British Engagement with Japan, 1854–1922: The Origins and Course of an Unlikely Alliance
By Antony Best

Routledge (2020)
ISBN-13: 978-1138477308
Review by Robert Morton

This is an extremely well-researched book which charts the relationship of Britain and Japan from its earliest days until the demise of the Anglo-Japanese alliance in the early 1920s. Best tells us in the introduction that the book ‘is concerned with solving the puzzle of both how the alliance came into existence and how it endured for twenty years’ (p. 2) and that is very much what it does.

Inevitably, scholars who have themselves trawled in the same waters will find things to object to. Let’s get the biggest issue out of the way first: the lack of Japanese opinions in the book – the relationship is almost exclusively viewed from the British side. From A to G in the index, there are just two Japanese names (Princes Arisugawa Takehito and Fushimi Sadanaru) listed, but around eighty British ones. 

I felt that there were moments when matters could have been looked at from a longer perspective. Best makes much of the ‘civilizational tests’ that Japan had to pass before the 1858 treaty between the two countries could be revised (it took until 1894). But I think that this is how we still evaluate developing countries, although instead of using the word ‘civilisation’, we say things like ‘transparency’, ‘democracy’, ‘human rights’ and ‘rule of law’. In this context, Best mentions Queen Victoria’s balancing praise of Japan’s progress with pressing for religious toleration when she met Iwakura Tomomi in 1872 (p. 36). To me it seems reasonable for the British to see the persecution of Christians in Japan as a violation of civilised values.

Some of the attitudes Best holds up as unfair have elements of truth in them: ‘Asian countries’, he tells us, ‘were deemed to be arbitrary and cruel’ (p. 13). This really was not a completely unreasonable thing to say about Japan and China: the Japanese justice system was very murky (in 1866, an official told Sir Harry Parkes ‘We think by concealing the laws they will inspire more terror’) and there was cruelty in China on an unimaginable scale: 20 to 30 million people died as a result of the Taiping Rebellion.[1]

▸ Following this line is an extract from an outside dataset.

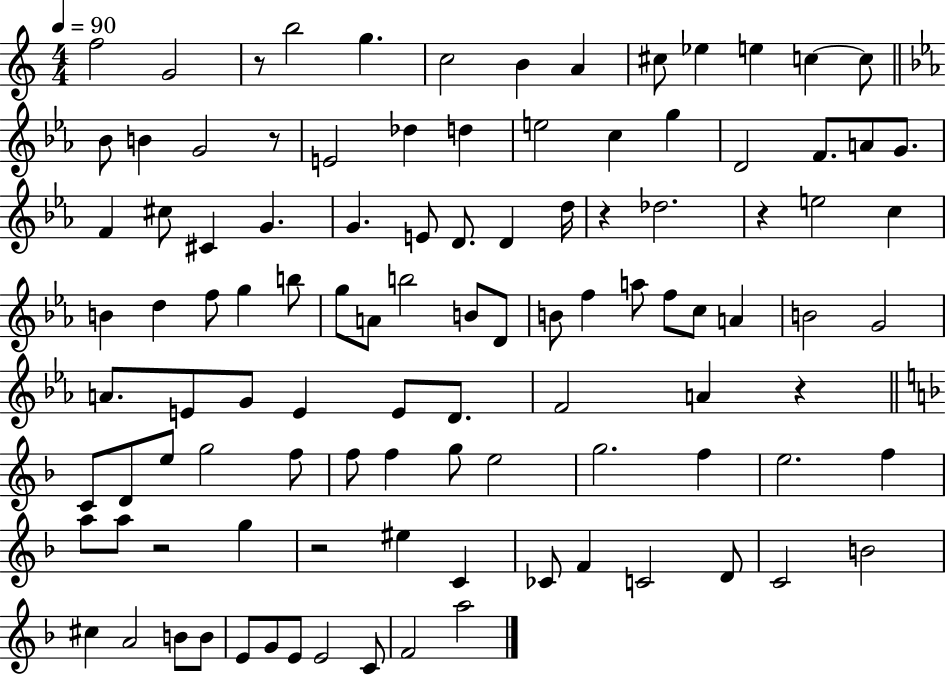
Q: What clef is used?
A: treble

There are moments when one wants a wider perspective as well. About Queen Victoria’s refusal to receive Prince Higashi-Fushimi Yorihito at Balmoral in 1893, Best says that the ‘episode reiterates Japan’s problem – it was considered to be but one of a number of Asian potentates and thus not deserving of any special treatment’ (p. 40). Actually the prince was getting the same sort of treatment as everybody else. In 1867, the Queen, writing about a visit by the Tsar of Russia – hardly a minor potentate – said that she was ‘UTTERLY incapable (overwhelmed with work, and the responsibility of her arduous position…) of entertaining any Royal personage’.[2] But in the Japanese case, her private secretary told the Foreign Secretary that she might receive the prince at Windsor – unfortunately Best doesn’t say if she did or not.

I also wonder about Best’s view that The Mikado ‘was intended as a satire on the superficial portrayals of Japan prevalent in British society’ (p. 43). There may have been a small element of this, but The Mikado was basically a satire on all of British society. As G.K. Chesterton put it, ‘Gilbert pursued and persecuted the evils of modern England ... I doubt if there is a single joke in the whole play that fits the Japanese.’[3]

I’m doing what all authors hate and that is singling out tiny little bits of a book for criticism while ignoring swathes of excellence. So, let’s move to what I liked. Firstly, that so much of it is genuinely new. The background to the relationship (inevitably) treads upon familiar ground, but once we get to the build-up to the Anglo-Japanese alliance, it is simply superb, supported by voluminous research that has never before seen the light of day. Best largely eschews the traditional sources – there is surprisingly little quoting, for example, of the British Ministers to Japan, who have reliably supplied much of the main meat for most other writers on this topic (myself included). Rather we hear less familiar voices: businessmen, bankers, missionaries and so on. He is not afraid to quote eccentric, yet telling, opinions, such as that of Bishop George Smith, who maintained that the ‘prevalence of fogs and mists’ in Japan had helped impart the ‘solid, stable and energetic qualities’ of the British (rather – presumably – than their love of complaining) (p. 21).

A major positive thing about the book is that it is an exceptionally easy read. I don’t think I’m alone in opening academic books with a slight feeling of dread, but this one is the opposite of hard work, managing to be entertaining and scholarly at the same time, with every page brimming with interest for the general reader as much as the specialist. 

Another thing we don’t expect from such books is memorable lines but there are a few. My favourite begins chapter 6: ‘Nothing erodes an alliance quicker than engaging in a successful struggle against a common opponent’ (p. 172). It is a striking idea that had never occurred to me, perfectly expressed. While on the subject of clarity, I think the conclusion is a model of scholarly writing, describing the move towards the Anglo-Japanese alliance in a way that would be perfectly understandable to an undergraduate while satisfying to an expert. If only all academics could express themselves like this!  

It is above all a balanced book. Best is right that accounts of British relations with Japan have tended to either focus on the high politics or cultural aspects. He does both. I particularly like the way he separates racial and cultural hostility to Japan. Any criticism of the Japanese can be seen in racial terms, but I think that British reservations about the country were mostly based on the fact that it was seen as being just too ‘out there’ – it would only be treated as an equal when it fell into line with Western ways. 

I could go on and on but I will instead end by saying that while of course there are caveats, this is a very good book and I strongly recommend it to anybody interested in Britain’s relationship with Japan. I actually think, for all my earlier quibbles, that it’s so well done that you don’t need to be all that interested in the topic to still find it an enjoyable read.


[1] Minutes of an interview held in Edo, 10 January 1866, at the residence of Matsudaira Suwo no Kami, FO 46/65.

[2] Queen Victoria to Lord Derby, 5 June 1867, George Earle Buckle (ed.), The Letters of Queen Victoria, series 2, vol. I, 1862-1869. London: John Murray, 1926, 430.

[3] Dark, Sidney and Rowland Grey, W. S. Gilbert: His Life and Letters. London: Methuen, 1923, 101.